I think the intent is to defer access time updates while writes are
suspended, but wait for writes to be allowed before syncing the other
timestamps.  Hmn, I wonder why any of IN_CHANGE, IN_UPDATE, or
IN_MODIFIED are set at this point.  They should have been cleared when
the file system was synced before MNTK_SUSPENDED was set.  I suspect it
is all the handle_workitem_foo() calls done by softdep_flushworklist()

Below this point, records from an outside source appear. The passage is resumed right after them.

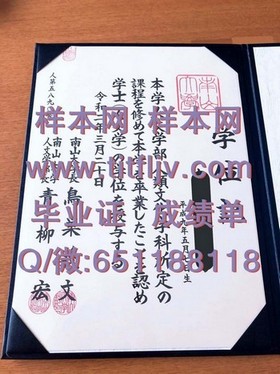 《揭秘南安普顿大学官方文凭样本：成绩单详解及毕业证获取攻略》
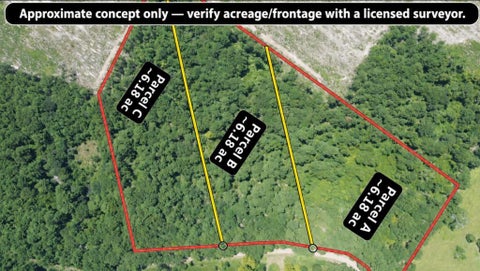 Photo of 18 Cr 3103, Call, TX 75933 (MLS # 95488184)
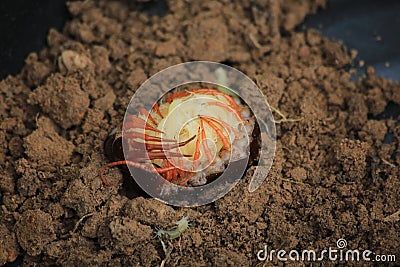 The centipede caressed her little one. Stock Photo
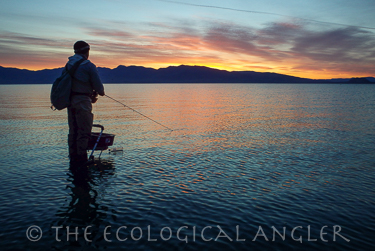 Fly Fishing at Pyramid Lake Nevada before sunrise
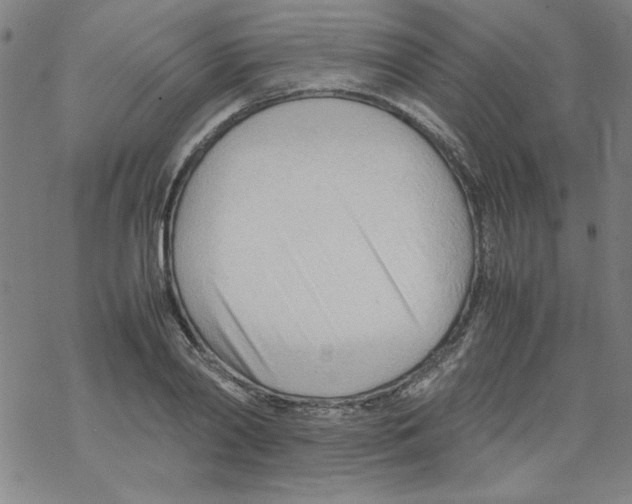 X0000067520790200605051853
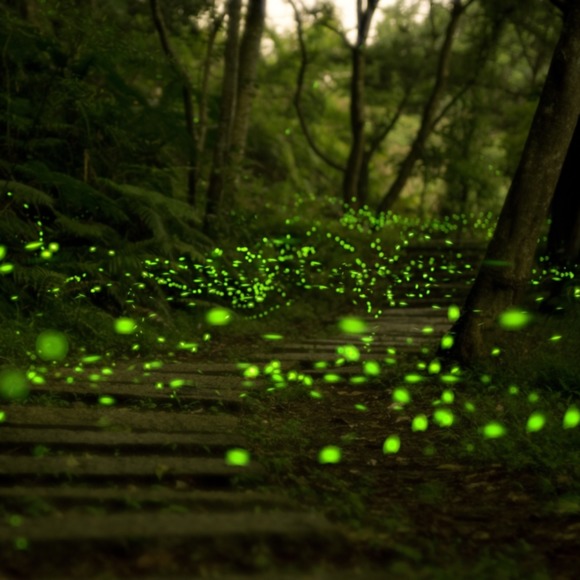 laluciole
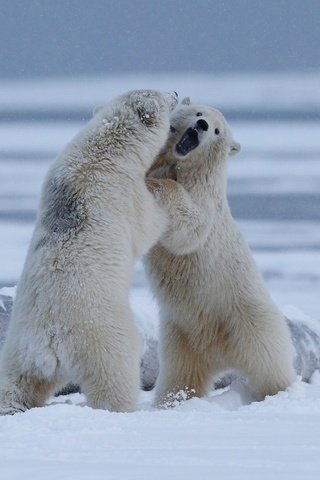 Обои снег, арктика, природа, медвежата, берег, полярный медведь, борьба, игра, медведи, белый медведь, драка, snow, arctic, nature, shore, polar bear, fight, the game, bears разрешение 3000x1688 Загрузить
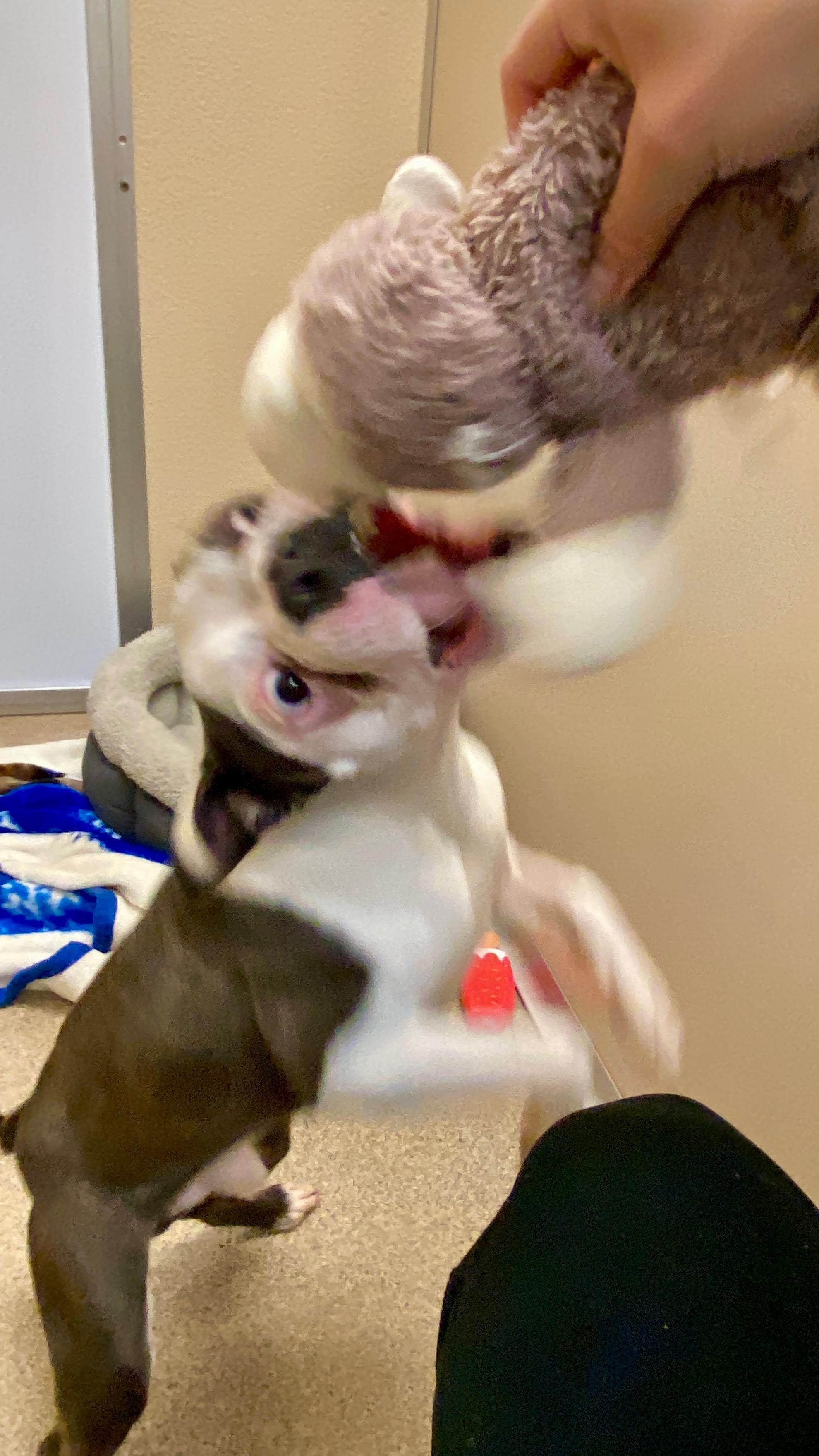 Allen, ADOPTABLE, Young Male Boston Terrier.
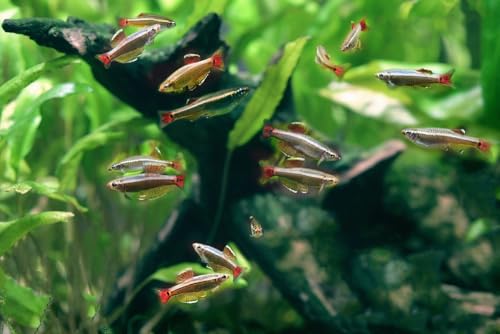 Swimming Creatures™ 5 White Cloud Minnow (Tanichthys albonubes) Live Tropical Freshwater Aquarium Fish (Size Approx: 1")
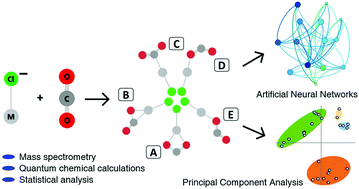 Graphical abstract: The activation of carbon dioxide by first row transition metals (Sc–Zn)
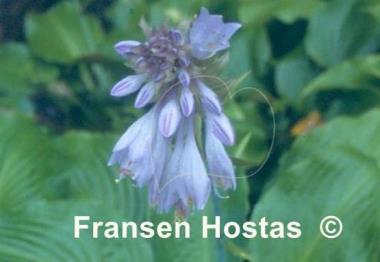 Hosta Grape Fizz
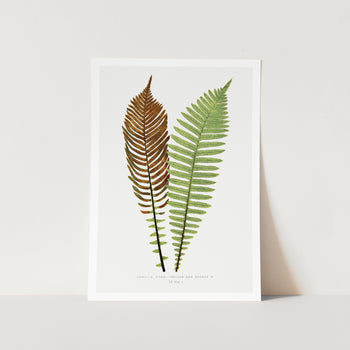 Fishbone Waterfern Art Print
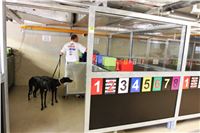 Chrti_dostihy_Greyhound_Company_Cup_Racing_Prague_CGDF_IMG_8574.jpg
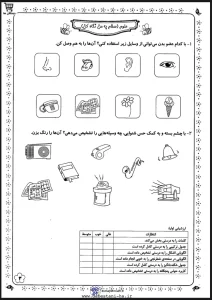 کاربرگ علوم اول دبستان _ هوش و_ دقت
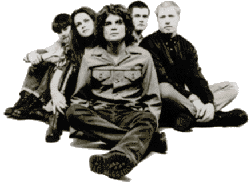 The Wannadies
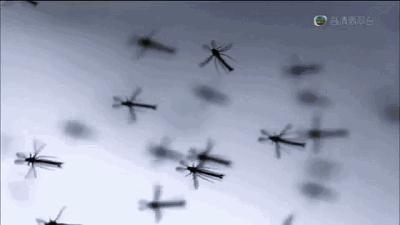 外国奇葩美食,外国最奇葩的美食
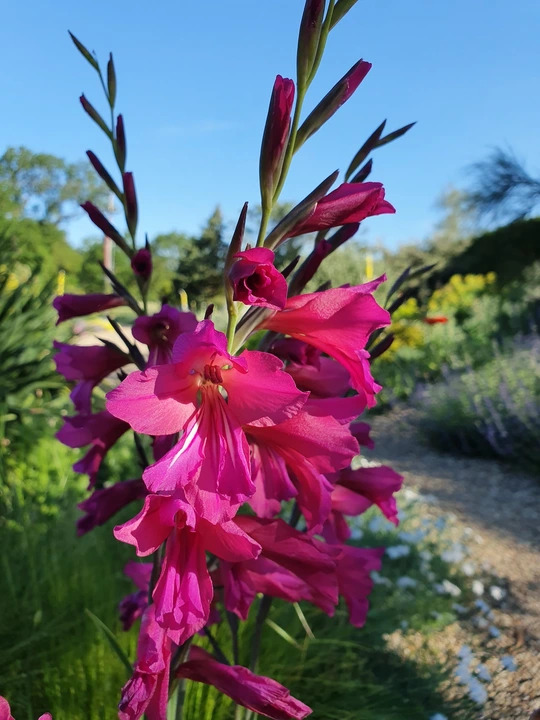 Gladiolus communis subsp. byzantinus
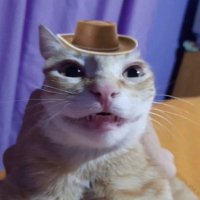 Caique Oliveira (@caique0li) 's Twitter Profile Photo Caique Oliveira (@caique0li) 's Twitter Profile Photo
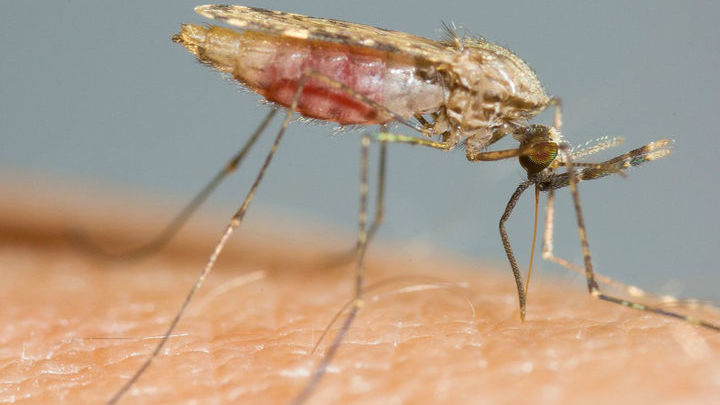 Малярийный комар вида Anopheles gambiae √ пока главная мишень для методов генного редактирования.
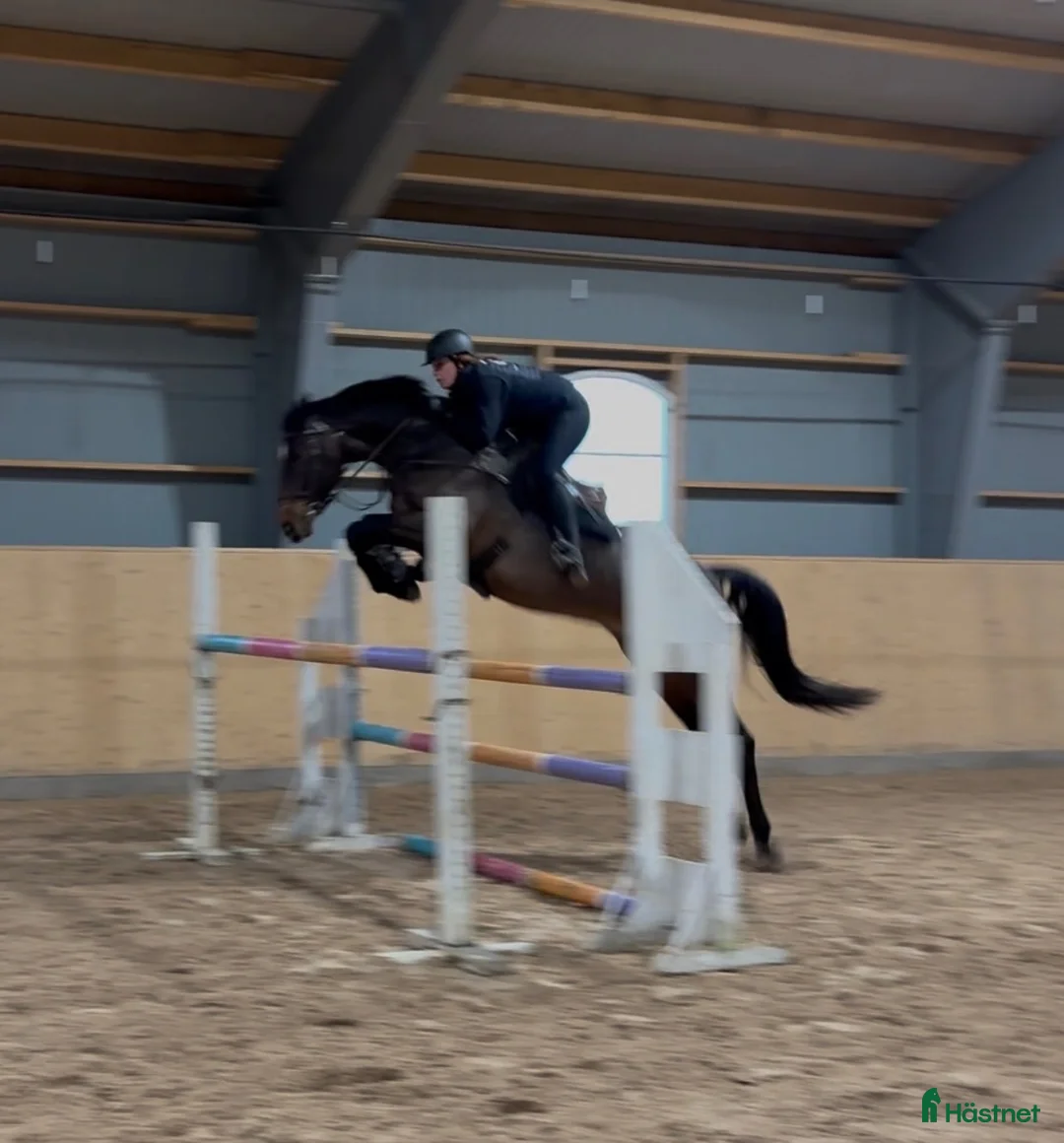 Hoppning hästar till salu: Hobby, hoppning eller fälttävlan ? - Annons 1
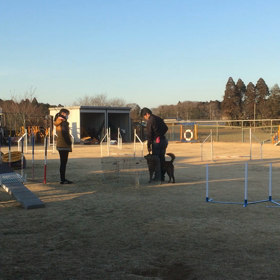 1/19 15:00 ピーナッツフィールドの画像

that set IN_CHANGE.  I don't see anything that flushes those changes to
disk other maybe the syncer thread ... Ugh!


Another bug that I just noticed is that ffs_snapshot() clears
MNTK_SUSPENDED before entering its MNT_VNODE_FOREACH() loop, which might
re-enable access time updates by other threads.  Probably some other
flag should be set to allow this thread to bypass the writes forbidden
while MNTK_SUSPENDED is set sanity check.